● GIVEN ENTRIES:
+--

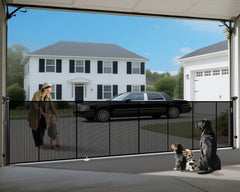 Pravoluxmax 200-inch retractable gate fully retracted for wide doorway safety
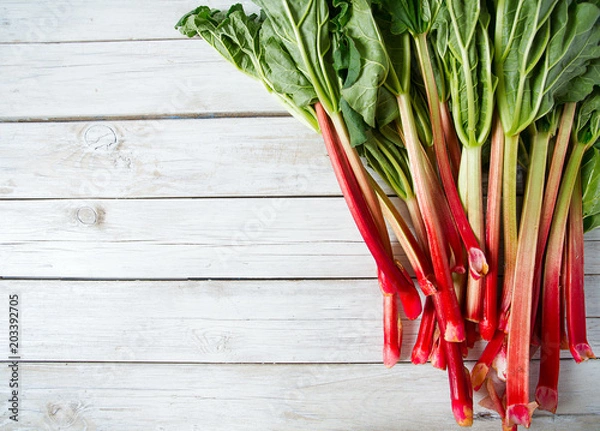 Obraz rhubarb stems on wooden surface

+--

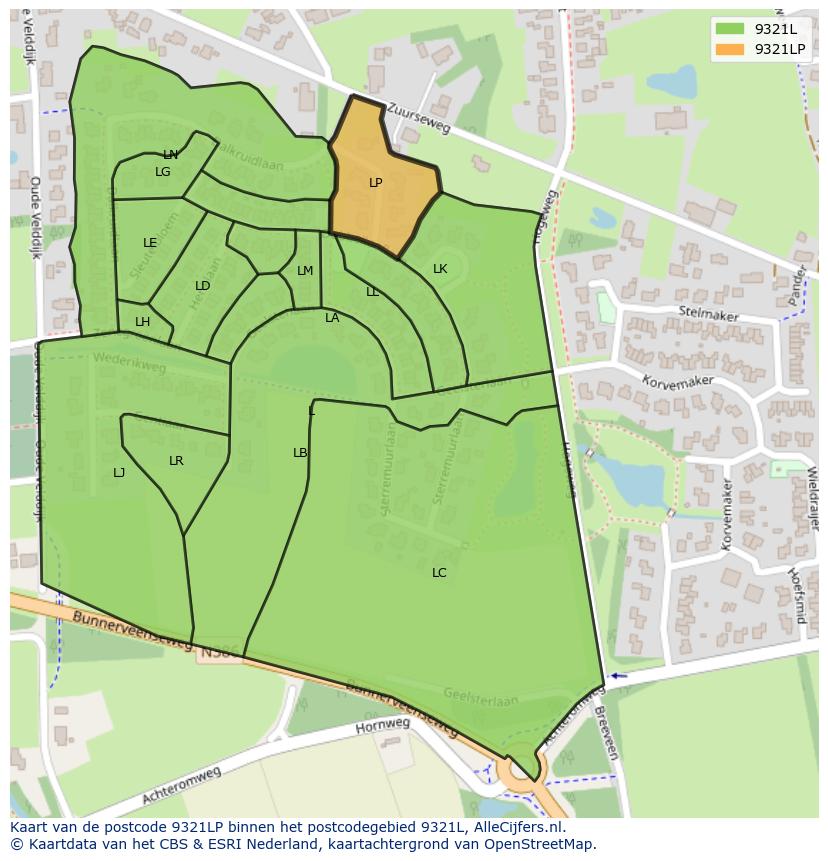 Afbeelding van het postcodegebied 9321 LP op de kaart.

+--

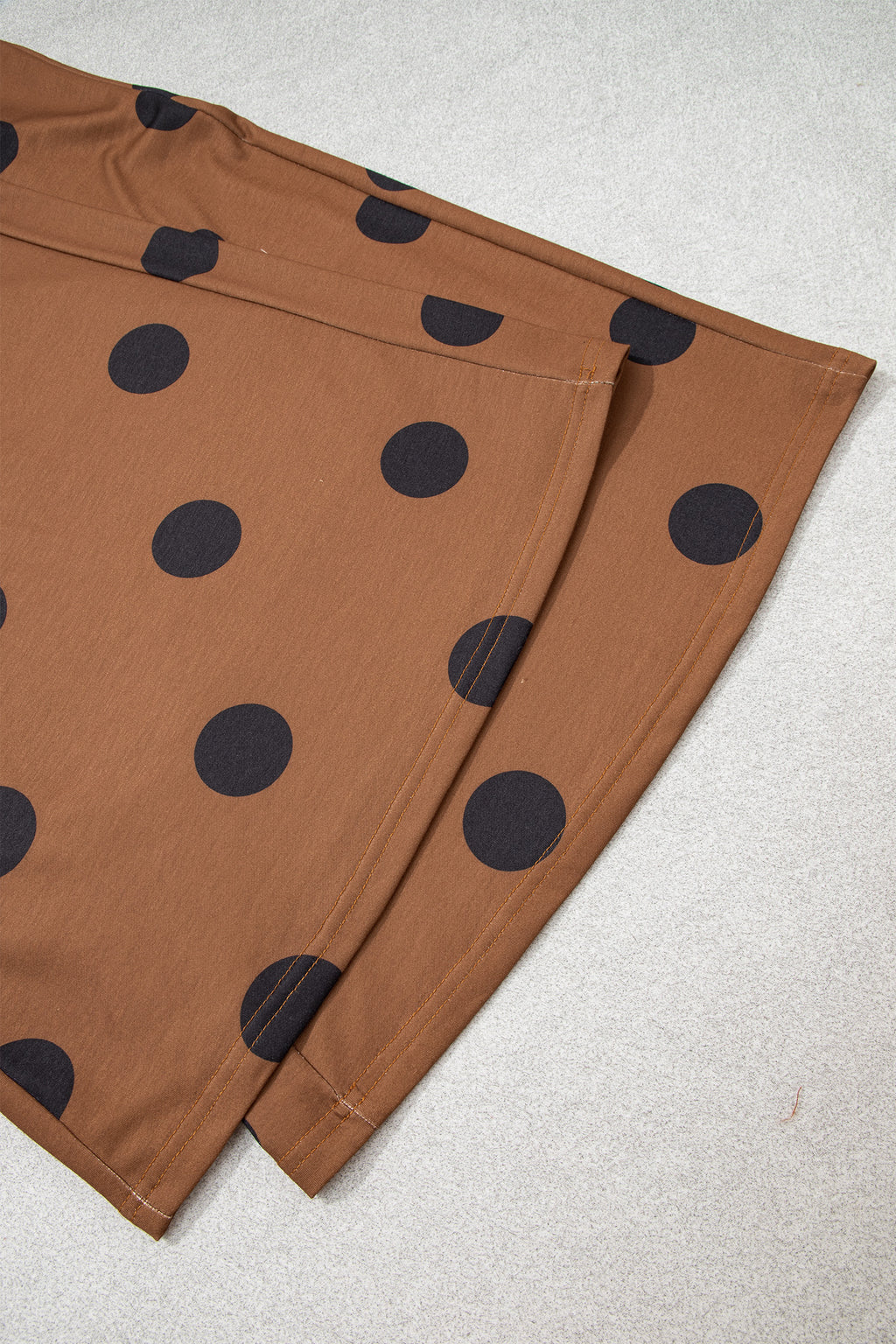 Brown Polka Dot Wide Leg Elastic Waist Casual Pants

+--

● PROBLEM DESCRIPTION: Exact copy, pictures excluded: from the line with "Pravoluxmax 200-inch retractable" up to and including the line with "Obraz rhubarb stems on wooden surface" in the data above.

● ANSWER SECTION:
 Pravoluxmax 200-inch retractable gate fully retracted for wide doorway safety
 Obraz rhubarb stems on wooden surface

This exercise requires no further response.